*** Opening Provided information ***
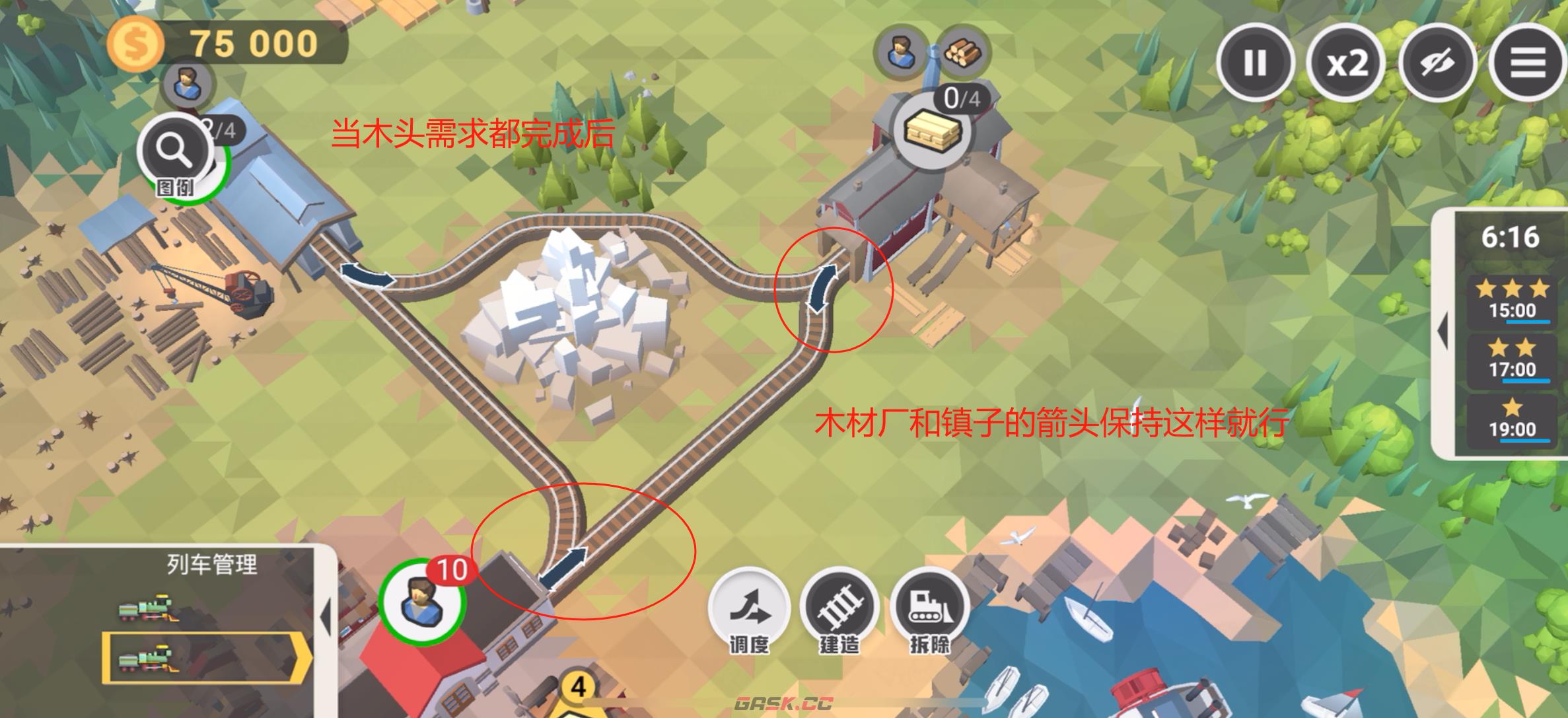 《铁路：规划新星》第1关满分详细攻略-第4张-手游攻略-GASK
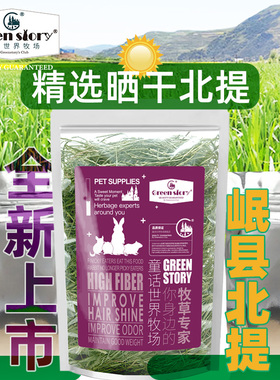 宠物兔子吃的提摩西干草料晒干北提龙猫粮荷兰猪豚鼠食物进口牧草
*** Closing Provided information ***
*** Opening Provided information ***
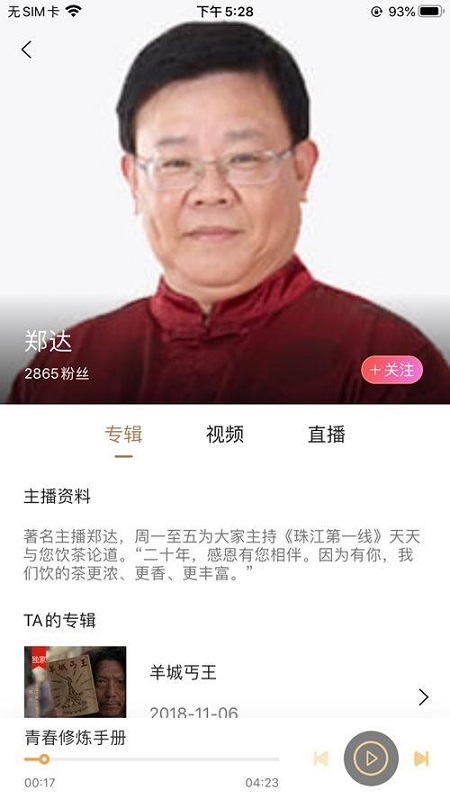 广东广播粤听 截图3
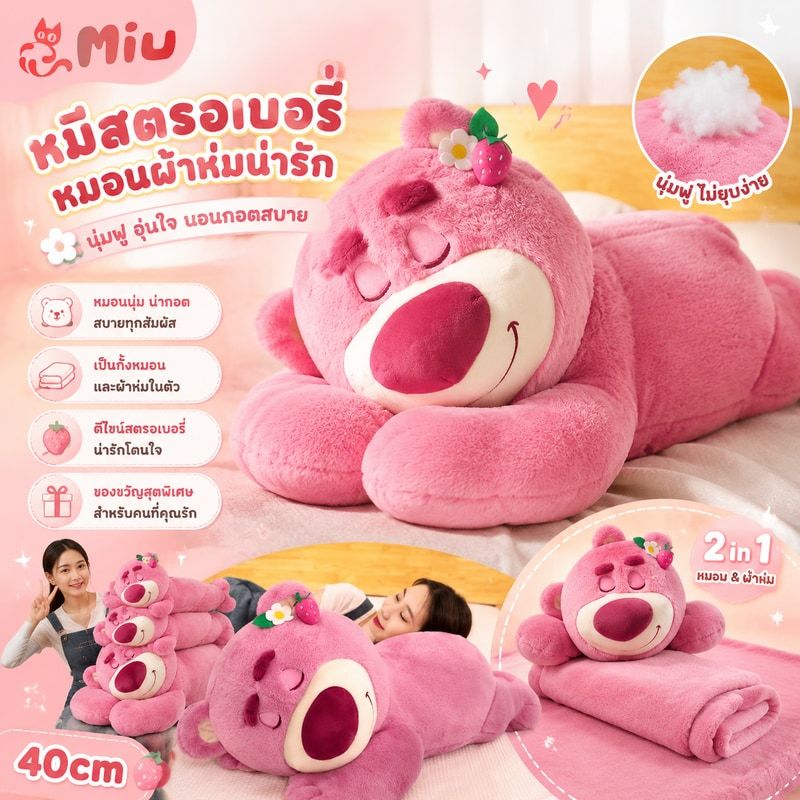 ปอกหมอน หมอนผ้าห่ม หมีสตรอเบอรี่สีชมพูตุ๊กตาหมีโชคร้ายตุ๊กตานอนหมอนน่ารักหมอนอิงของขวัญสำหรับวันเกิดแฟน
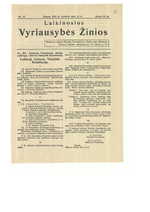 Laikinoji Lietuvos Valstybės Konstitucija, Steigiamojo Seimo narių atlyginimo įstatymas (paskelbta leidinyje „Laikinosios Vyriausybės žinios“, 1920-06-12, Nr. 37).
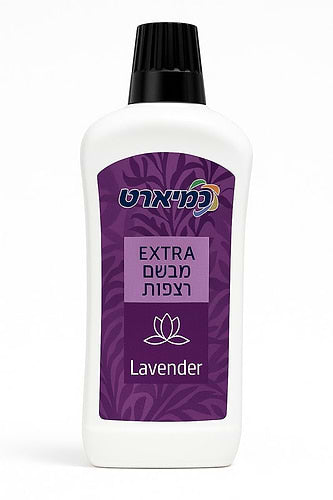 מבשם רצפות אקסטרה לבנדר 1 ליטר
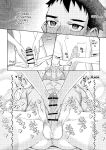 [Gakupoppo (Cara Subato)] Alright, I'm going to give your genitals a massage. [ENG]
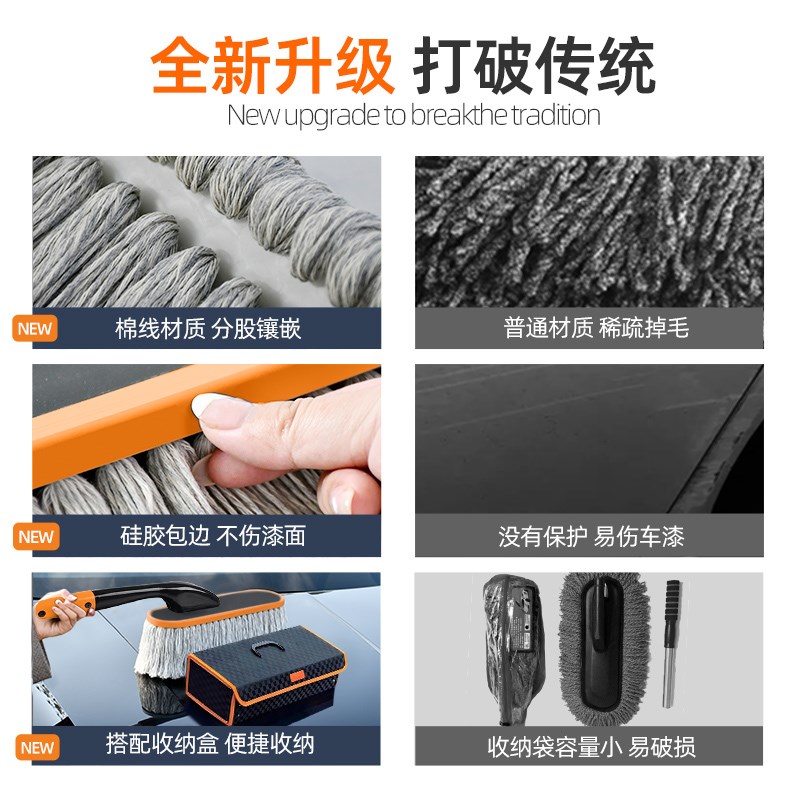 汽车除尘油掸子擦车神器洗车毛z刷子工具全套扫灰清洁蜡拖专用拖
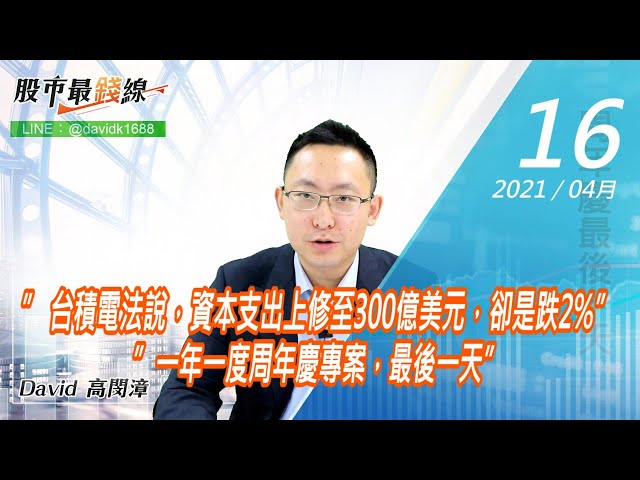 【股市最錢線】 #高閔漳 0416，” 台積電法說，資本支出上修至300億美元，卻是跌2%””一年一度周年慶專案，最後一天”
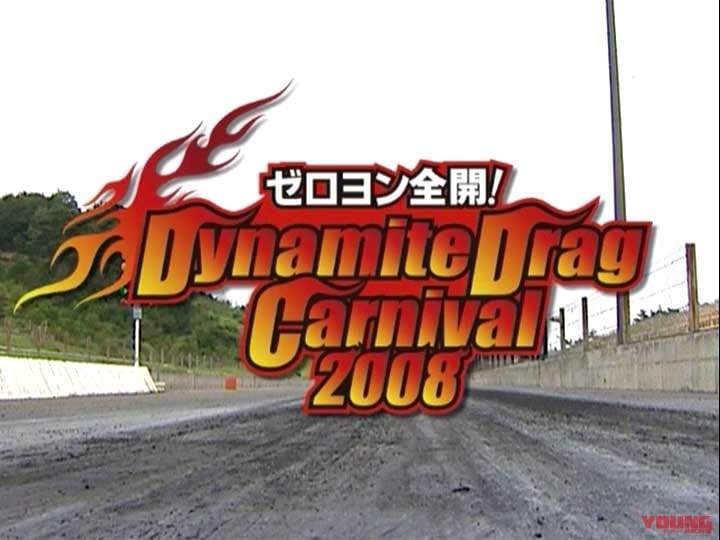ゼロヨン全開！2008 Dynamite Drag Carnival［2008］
*** Closing Provided information ***
*** Opening Provided information ***
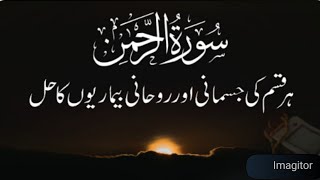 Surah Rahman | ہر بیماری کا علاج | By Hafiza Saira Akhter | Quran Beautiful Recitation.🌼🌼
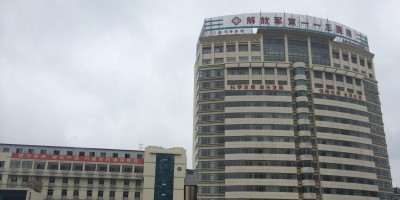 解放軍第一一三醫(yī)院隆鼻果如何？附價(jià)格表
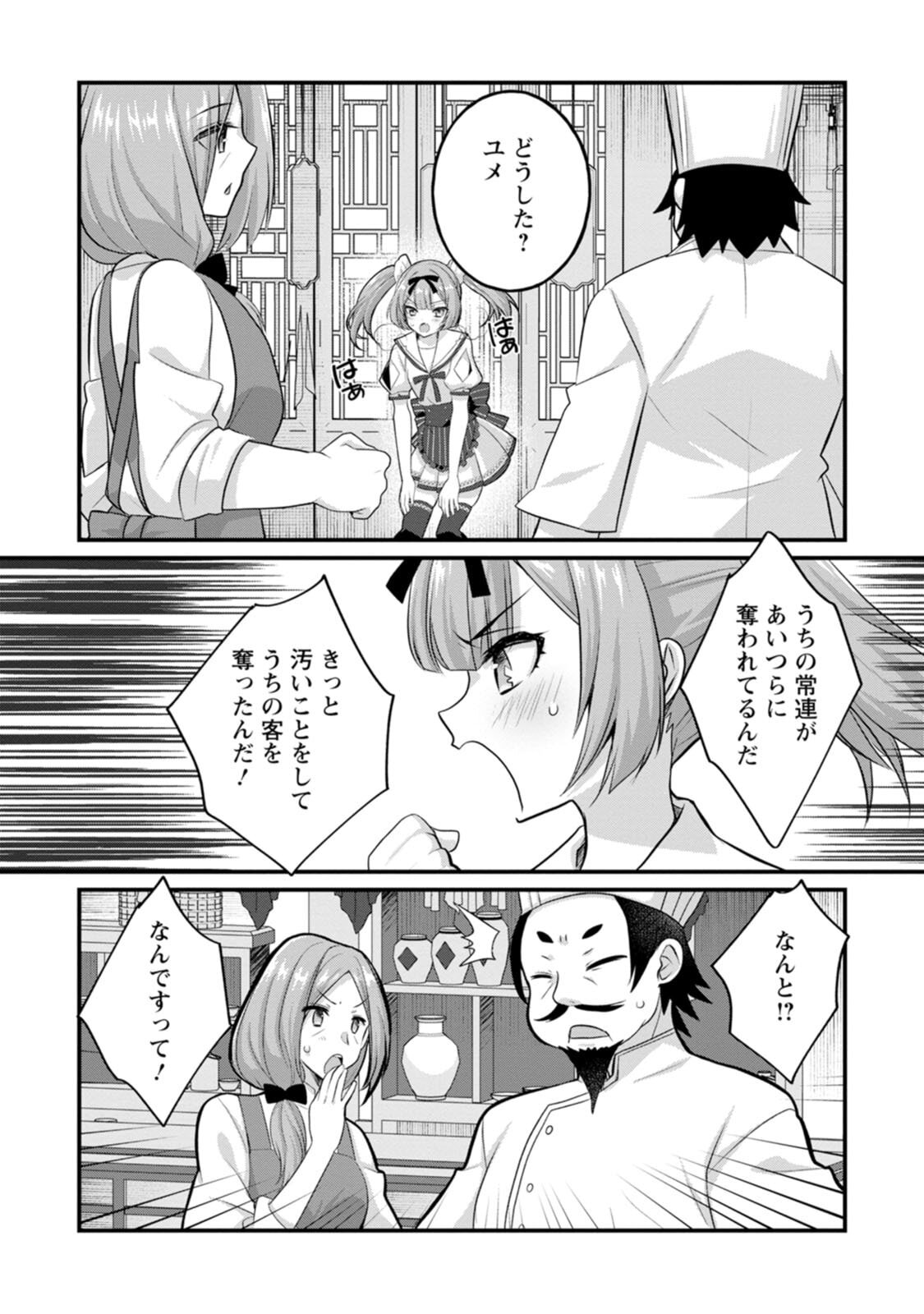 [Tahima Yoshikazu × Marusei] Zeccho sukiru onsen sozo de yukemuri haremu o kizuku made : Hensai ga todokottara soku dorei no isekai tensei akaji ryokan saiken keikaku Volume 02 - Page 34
*** Closing Provided information ***
### [Task directions]
Lines from the one above containing "מבשם רצפות אקסטרה לבנדר 1 ליטר" down to the one containing "ゼロヨン全開！2008 Dynamite Drag Carnival［2008］" should be transcribed exactly, with both ends kept and no pictures.

### [Expected answer]
 מבשם רצפות אקסטרה לבנדר 1 ליטר
 [Gakupoppo (Cara Subato)] Alright, I'm going to give your genitals a massage. [ENG]
 汽车除尘油掸子擦车神器洗车毛z刷子工具全套扫灰清洁蜡拖专用拖
 【股市最錢線】 #高閔漳 0416，” 台積電法說，資本支出上修至300億美元，卻是跌2%””一年一度周年慶專案，最後一天”
ゼロヨン全開！2008 Dynamite Drag Carnival［2008］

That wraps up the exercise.